Nel successivo articolo si stabilisce che “I Centri possono avvalersi di mediatori esperti dell’ente locale di riferimento.

Possono, altresì, dotarsi di mediatori esperti mediante la stipula di contratti di appalto ai sensi degli articoli 140 e ss. del decreto legislativo 18 aprile 2016, n. 50 ovvero avvalendosi di enti del terzo settore, individuati mediante procedura selettiva, stipulando con essi una convenzione ai sensi degli articoli 55 e 56 del decreto legislativo 3 luglio 2017, n. 117”.

In ogni caso, il personale che svolge i programmi di giustizia riparativa deve possedere la qualifica di mediatore esperto ed essere inserito nell’elenco di cui all’articolo 60.

Infine,nell’art 67 si stabilisce che “Le Regioni e le Province autonome, le Città metropolitane, le Province, i Comuni e la Cassa delle Ammende, nel quadro delle rispettive politiche e competenze, possono concorrere, nei limiti delle risorse disponibili nell’ambito dei propri bilanci, al finanziamento dei programmi di giustizia riparativa”.

Da  tale impostazione si evince

a)una sorta di privatizzazione della Giustizia Riparativa affidata dagli Enti Locali alle Associazioni del Terzo Settore,senza indicare quali, dove dovrebbero svolgere la loro attività Mediatori Esperti formati ed inseriti negli Elenchi tenuti dal Ministero,che allo stato sono ancora in via di formazione.

b)la impossibilità di avviare in tempi ristretti le attività dei Centri istituiti sul Territorio privando gli imputati ma anche le malcapitate Vittime di usufruire delle attività previste.

c)la assoluta mancanza di gestire i Centri con l’obbligo previsto di trattare i dati personali  anche appartenenti alle categorie di cui agli articoli 9 e 10 del regolamento (UE) 2016/679 del Parlamento europeo e del Consiglio, del 27 aprile 2016, strettamente necessari all’esercizio delle competenze e al raggiungimento degli scopi di cui al presente decreto, per le finalità di rilevante interesse pubblico di cui all’articolo 2 sexies, comma 2, lettera q) del decreto legislativo 30 giugno 2003, n. 196 e assumono la qualità di titolari del trattamento.
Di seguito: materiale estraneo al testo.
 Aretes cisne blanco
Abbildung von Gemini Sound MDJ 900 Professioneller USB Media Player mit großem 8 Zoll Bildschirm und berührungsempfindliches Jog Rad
d) la materiale impossibilitò dei Mediatori Penali formandi a svolgere il Tirocinio presso i Centri mancando ancora gli stessi.
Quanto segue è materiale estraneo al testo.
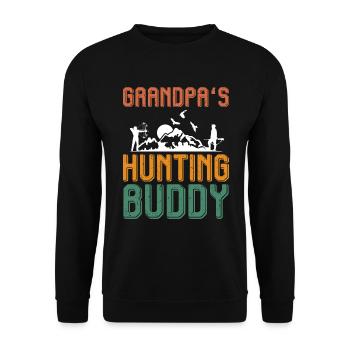 Grandpa's Hunting Buddy - Hunter - Unisex Sweatshirt - black - Front - Alina (178cm) & Michal (187cm)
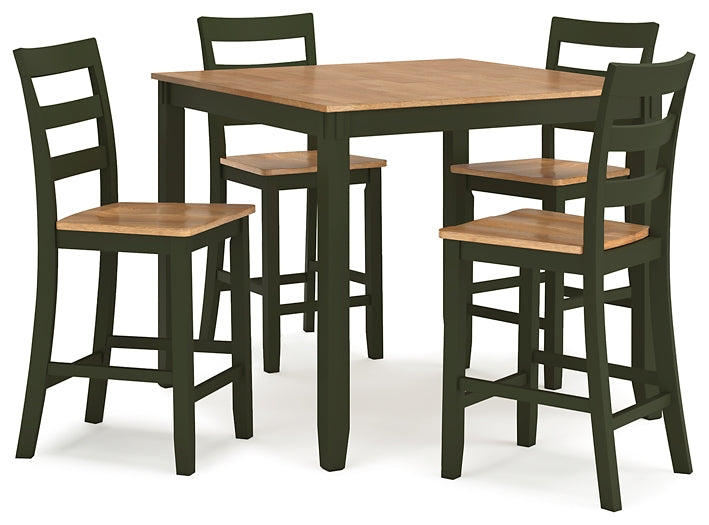 Gesthaven 5-Pc Counter Height Dining Set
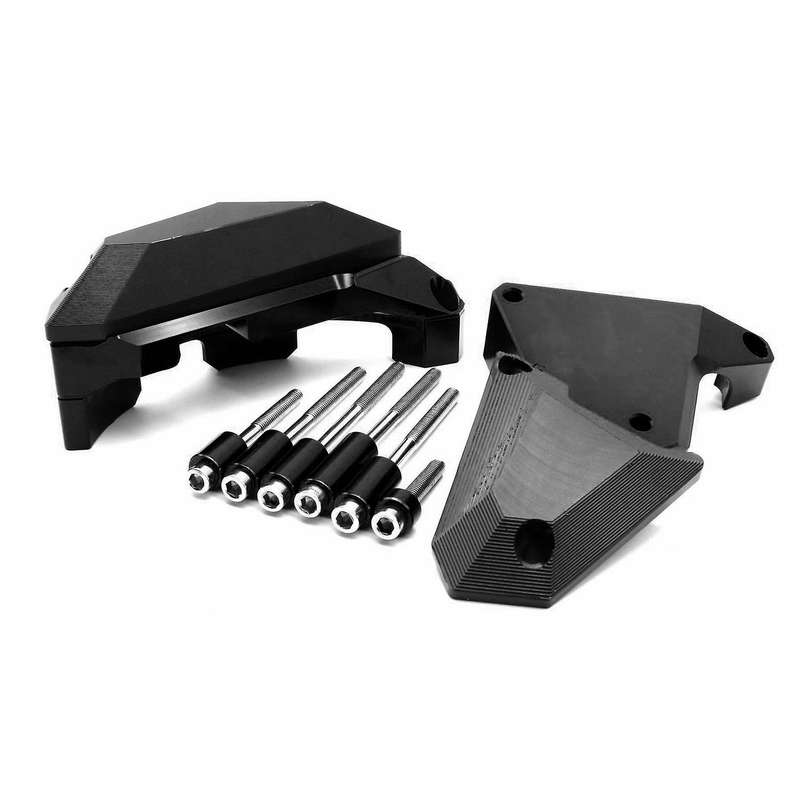 Black Special Engine Anti-Fall Block -Resistant Ball Protection Block for FZ07 13-20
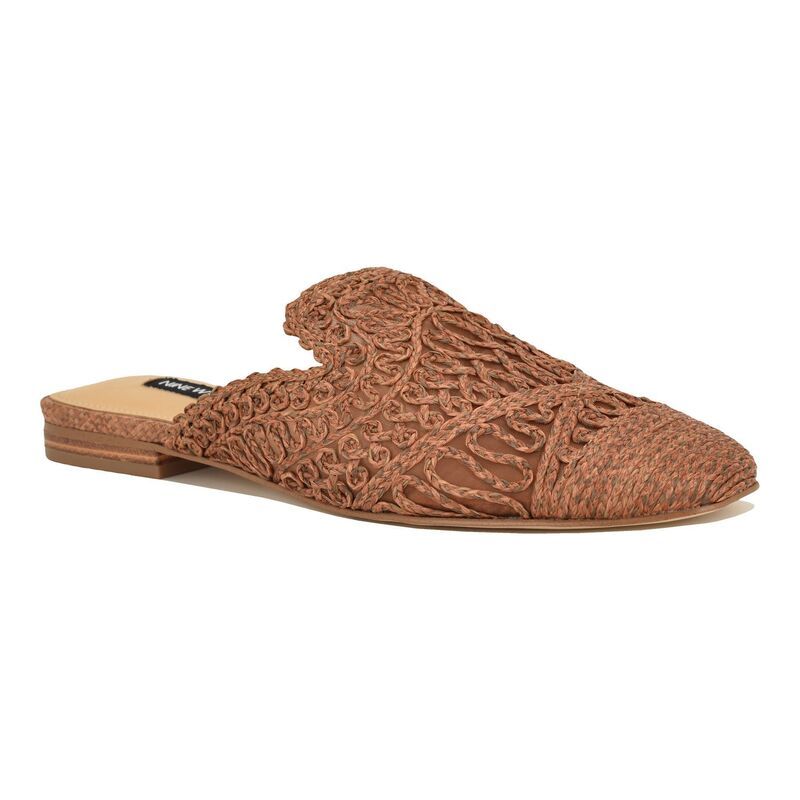 ナインウェスト レディース シューズ サンダル Nine West Camella Womens Casual SlipOn Mules Dark Brown ブラウン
e) la mancanza di sufficienti garanzie per la sicurezza della Vittima

A parte le doglianze circa i tempi da considerare per le operazioni di Giustizia Riparativa,appare evidente come la scelta del Legislatore appaia quanto meno intempestiva rispetto alla facoltà dei soggetti coinvolti di ricorrere alla Giustizia Riparativa e, comunque, priva di sufficiente operatività e delle garanzie di riservatezza che essa richiede..
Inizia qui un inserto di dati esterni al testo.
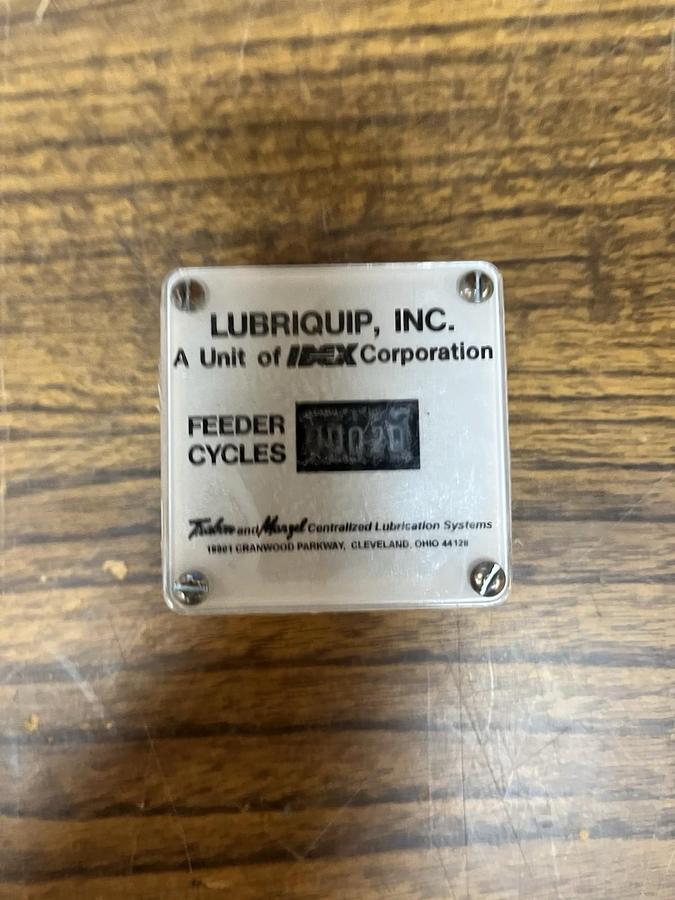 Used LUIBRIQUIP,562444-01-808,FEEDER CYCLES VALVE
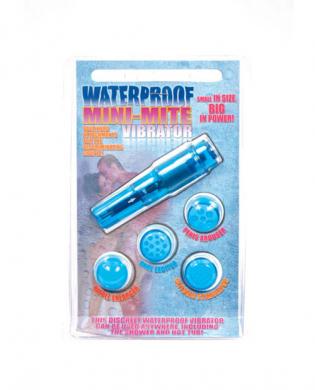 Waterproof mini mite vibrator w/4 attachments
Si può dunque discutere, come ha fatto la dottrina, se fosse questa la sede più appropriata e gli obiettivi che la Giustizia Riparativa  si propone di raggiungere, in conformità con le altre finalità prese di mira dal decreto e cioè con «l’efficienza del processo penale» e soprattutto con la «celere definizione dei procedimenti giudiziari».

Benché la «Relazione illustrativa al decreto» affermi che tale scelta «concorre all’efficienza della giustizia penale in vario modo», è evidente che altri e di più ampio respiro sono i suoi obiettivi e che lo svolgimento dei programmi riparativi richiede un tempo adeguato di elaborazione, non del tutto compatibile con esigenze di celerità delle procedure

Nondimeno va riconosciuto che un impianto normativo ormai esiste con tutti i limiti innanzi evidenziati  ma  il suo effettivo radicamento dipenderà dalla reale volontà del Legislatore di garantire, anche sul piano strettamente organizzativo, l’attuazione in concreto della Giustizia Riparativa come alternativa al Giudizio Penale ed alla deflazione del carico esistente,nonostante buoni propositi. ..

Sin qui una norma destinata a suscitare ampi commenti ed interpretazioni.

Non va  sottaciuto,comunque, il ruolo marginale e non essenziale assegnato dalla norma  introdotta alla Vittima di Reato ai fini della decisione dell’A.G. di procedere ad  una  mediazione penale nell’ambito della lesione dei propri diritti ma ancor più che l’intero  procedimento è privo di parametri di riferimenti e di calcoli tabellari per stabilire nella   trattativa con l’imputato quali siano i margini di una qualche disponibilità ad una Giustizia veramente Riparativa e non pretesto per inutili quanto dolorose discussioni.